Chefs are lining up to get their hands on stinging nettles, kabocha squash, figs, Persian mulberries, watermelon, heirloom beans, pistachios, tiny vegetables and miniature kiwis. Biodynamic farming is ultra-fashionable, as are sustainable agriculture and fishing: Chefs are exploring "trash fish" like wolffish as more-popular species grow scarce. And, after an infatuation with mild-flavored Chilean sea bass, people are coming around to "fishy" fish like mackerel, sardines and fresh anchovies. Strong flavors are big in meat and poultry, too, with wild boar, venison and guinea fowl newly cool. Another meat trend is heirloom livestock: Get ready to learn about breeds of beef and lamb you've never heard of. Fusion may be passé, but a judicious use of Asian ingredients, such as tofu, artisanal soy sauce and sea veggies, is not. That annoying moment when a waiter pours a pool of olive oil is, thankfully, on the wane; the fats of choice for bread are an old friend, butter, and a new friend, goat butter.

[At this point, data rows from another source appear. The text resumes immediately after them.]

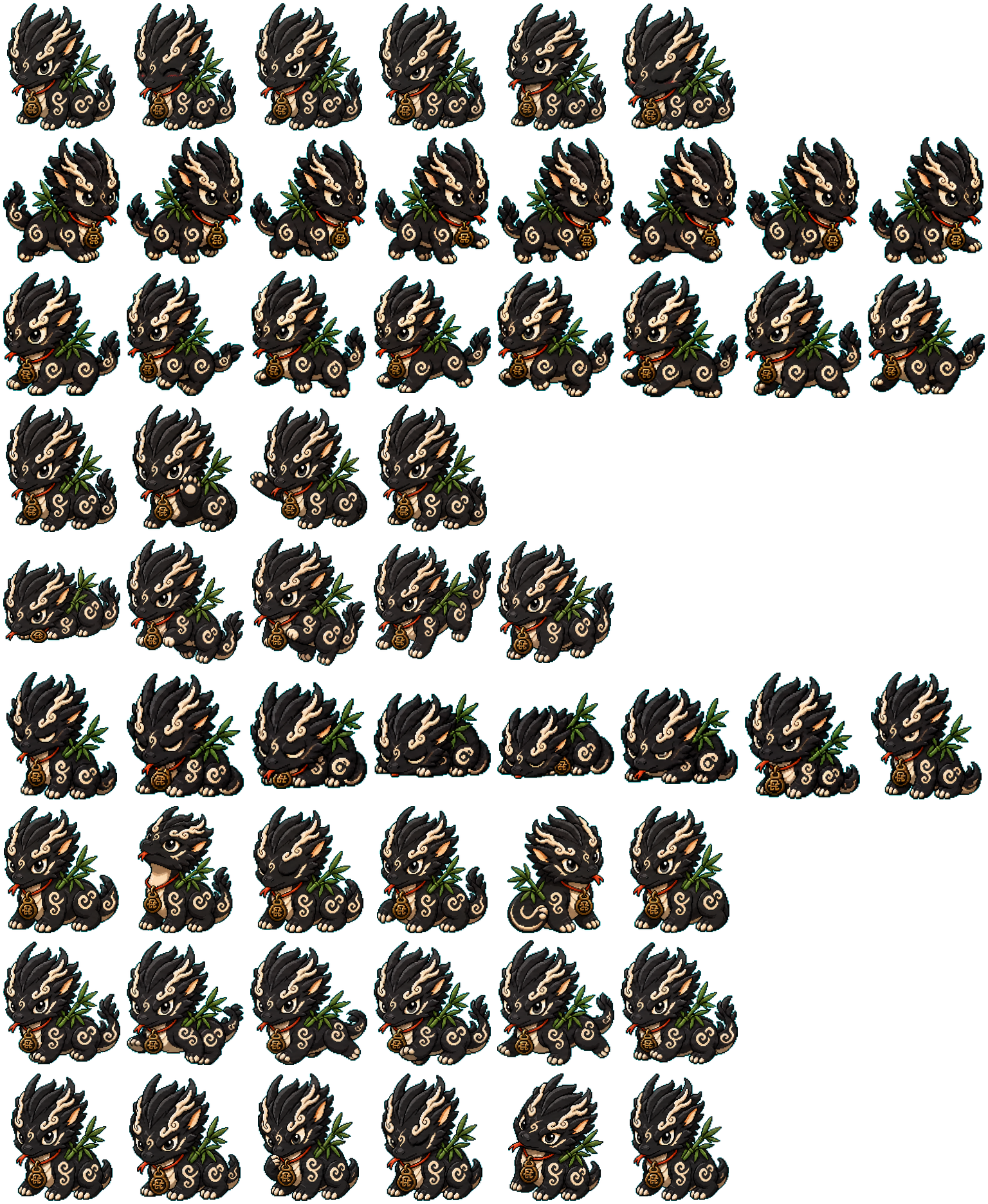 Kuro spritesheet preview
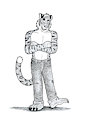 Not my Art / Drawn by Kaoruishere - Posing Tiger by DreamAndNightmare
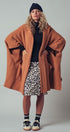 Oversized Wide Collar Open Front Poncho Cardigan in BLACK - Women's Cardigans & Shrugs | Urban Daizy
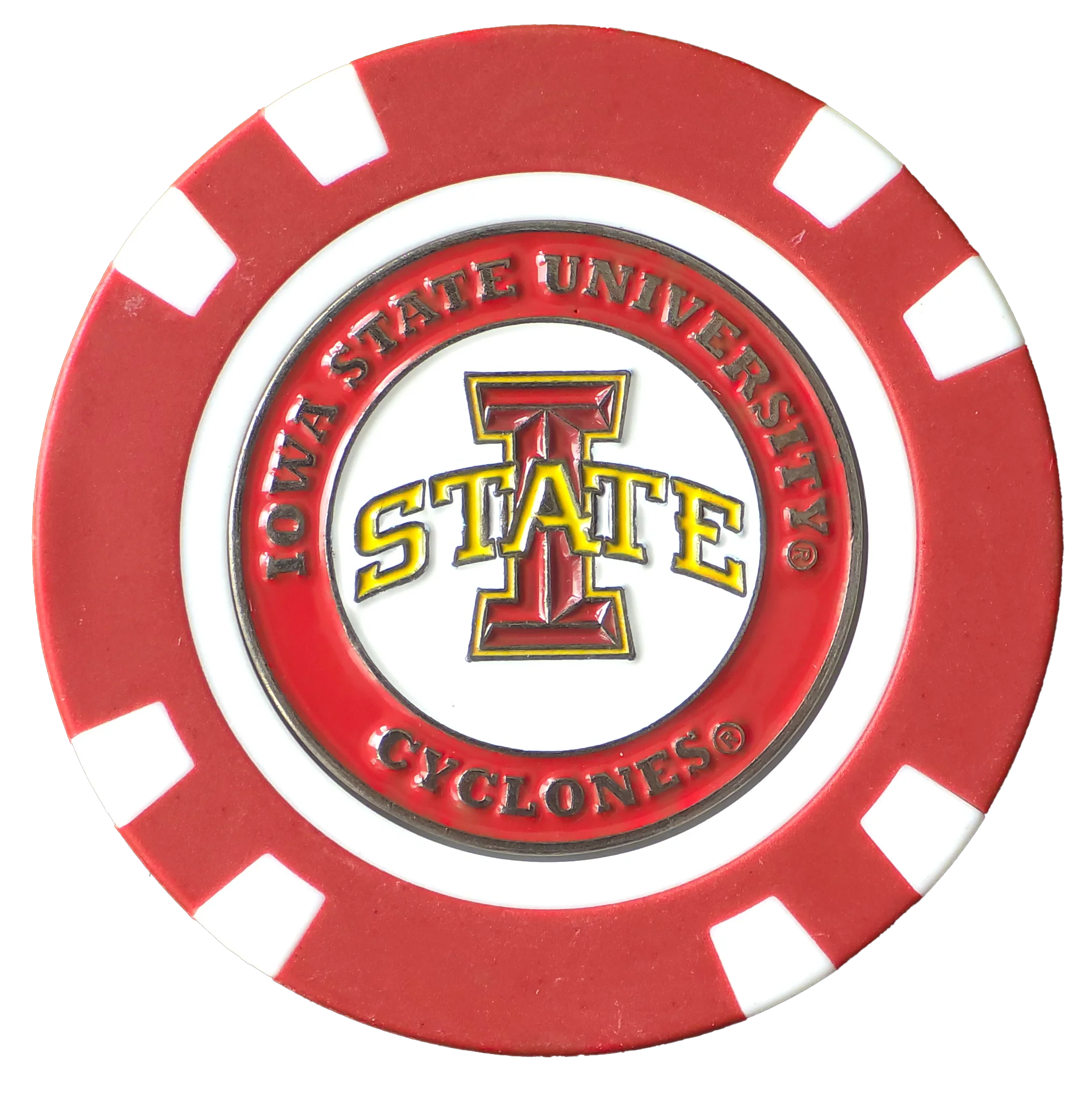 Officially Licensed Iowa State Cyclones Poker Chip Ball Marker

Look for variations on a theme, like roast duck breast with duck confit and a duck spring roll on the side. Everybody and his brother now makes his own charcuterie; other favorite preparations are gelée and aspic, sauerkraut (no kidding) and upscale egg dishes, plus fried eggs as garnishes. The favored chef toys of the moment are woks, clay pots, induction cooktops and machines that vacuum-seal food in plastic envelopes for sous-vide cooking at low temperatures. At the other end of the heat spectrum is noncooking. Raw seafood is ubiquitous; the latest craze in San Francisco is Hawaiian poke (tuna seasoned with ginger and spices). Au courant pastry-chef tricks include, again, variations on a theme (like a tasting of four flavors of cr&232;me brûlée), lollipops, warm chocolate chip cookies and salty or spicy desserts, a trend echoed in savory ice creams and sorbets served between, or with, appetizers and main courses—think celery gelato.

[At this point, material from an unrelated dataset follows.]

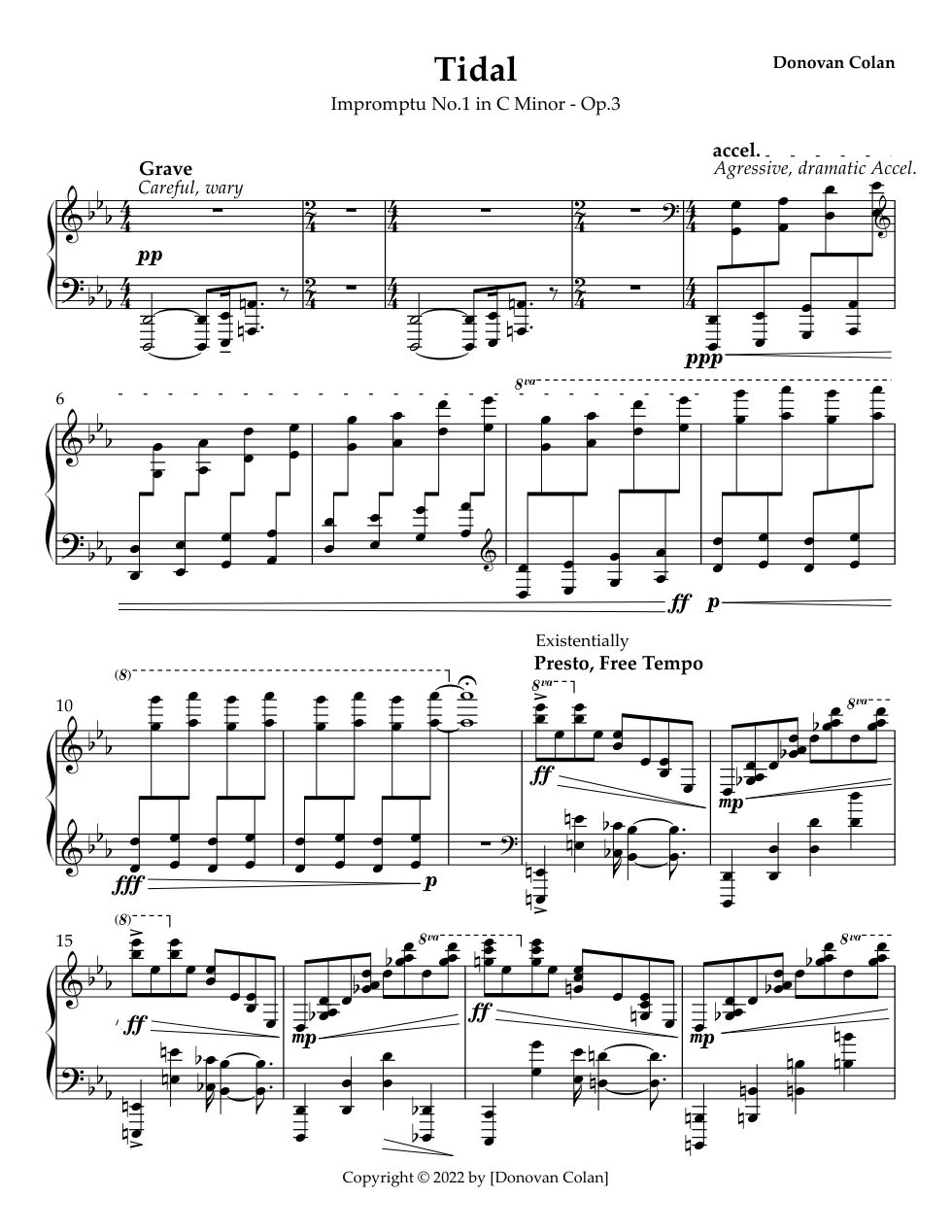 Tidal, page 1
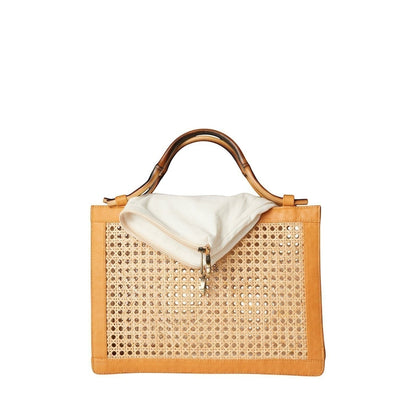 The Reece Wicker Cane Handbag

Many bartenders (and even some sommeliers) are making their own liqueurs and infused spirits from fruit, and using fresh herbs to create new cocktails. Anise-flavored spirits are popular, including pastis, ouzo and raki. Bubble tea and jelly drinks, those colorfully surreal concoctions with tapioca pearls or gelatin, are starting to appear outside Chinatown. And there's water, water everywhere, whether it's from ancient glaciers in Greenland or from laboratories where it's been fortified with vitamins and minerals.

Is any place safe from baby lettuce? It seems not, as upscale dining rooms turn up atairports, theme parks, stadiums, race tracks and aquariums.Restaurant designers are looking back to the space-age '60s (egg-shaped chairs and white vinyl) and the rec-room '70s (stacked-stone walls and upholstery in orange and brown). Another nod to the era is the proliferation of "secret" entrances and hidden rooms—like the Ghost Bar inside Nine in Chicago—that make in-the-know patrons feel like Rat Packers. Custom ceramics shaped by the chef are increasingly common. One strange recent trend in theme restaurants: politics, as seen in two new Washington, D.C., places owned by inside-the-Beltway types, and at a restaurant in Phoenix named after Richard Nixon (who once said, if memory serves, "I am not a cook"). Finally, as the New Economy takes a breather, look for a break in spiraling restaurant prices: value is making a comeback.